Exercise description: Start at the line in the entries below that contains "Loa di động Sky N-517 + Thẻ Micro 8G", stop at the line that contains "Greenland #Mi292 MNH", and output exactly the lines in that span, both ends included.

Dataset records:
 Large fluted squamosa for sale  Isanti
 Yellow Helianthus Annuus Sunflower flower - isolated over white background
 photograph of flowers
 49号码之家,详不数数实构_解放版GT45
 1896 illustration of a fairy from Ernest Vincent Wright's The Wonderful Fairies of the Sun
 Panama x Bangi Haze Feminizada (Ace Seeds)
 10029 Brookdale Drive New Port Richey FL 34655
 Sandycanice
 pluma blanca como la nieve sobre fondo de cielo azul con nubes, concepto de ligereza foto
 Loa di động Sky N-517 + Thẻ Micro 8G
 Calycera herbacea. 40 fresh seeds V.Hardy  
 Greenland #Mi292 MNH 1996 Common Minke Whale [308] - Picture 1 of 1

* * *

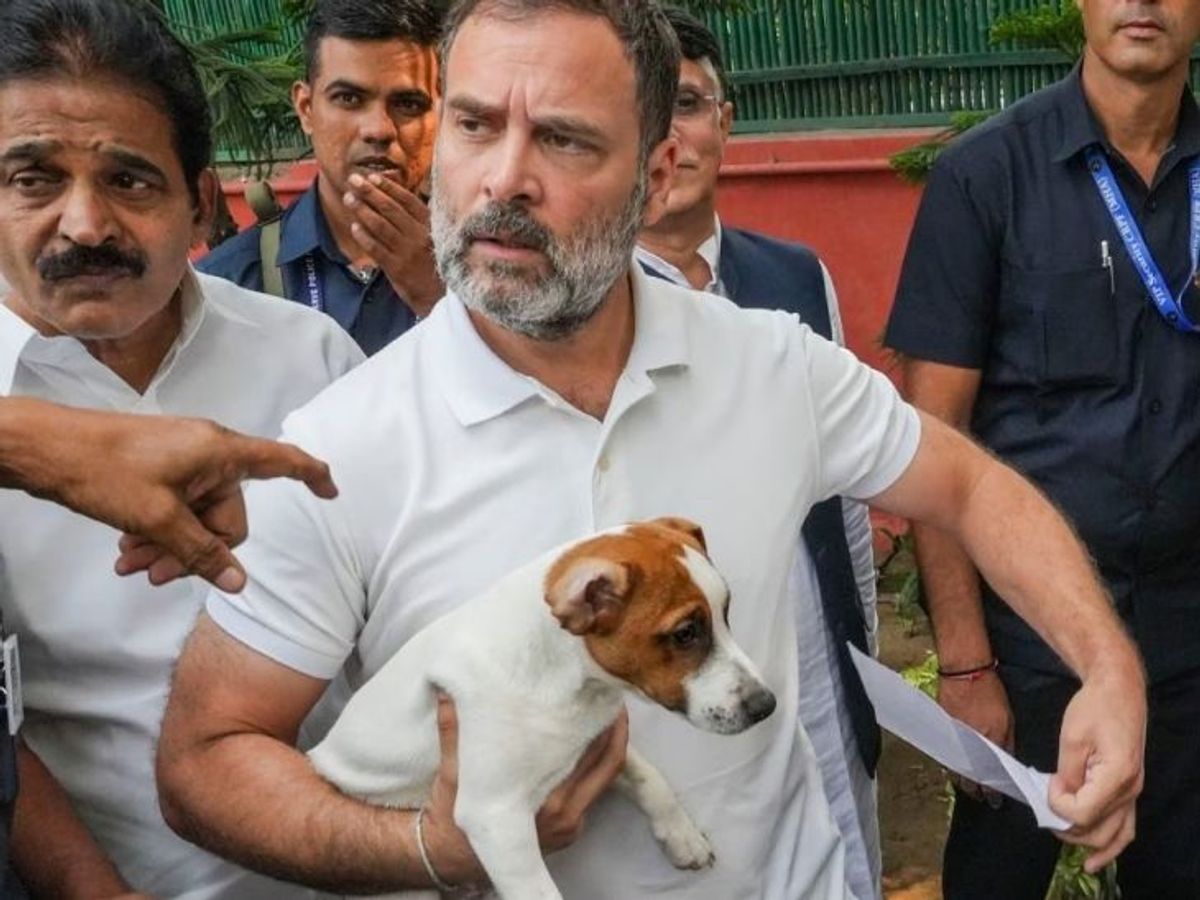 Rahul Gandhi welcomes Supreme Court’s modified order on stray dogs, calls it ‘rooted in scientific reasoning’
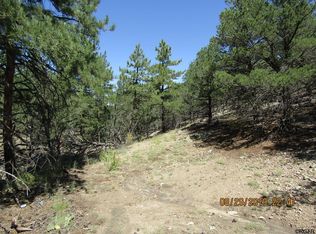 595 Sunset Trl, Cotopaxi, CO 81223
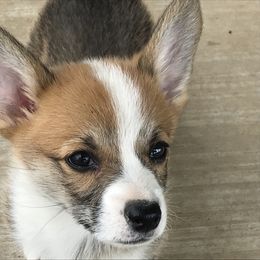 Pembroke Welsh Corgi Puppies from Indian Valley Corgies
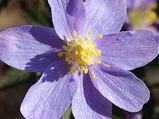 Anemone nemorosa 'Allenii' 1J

Answer box:
 Loa di động Sky N-517 + Thẻ Micro 8G
 Calycera herbacea. 40 fresh seeds V.Hardy  
 Greenland #Mi292 MNH 1996 Common Minke Whale [308] - Picture 1 of 1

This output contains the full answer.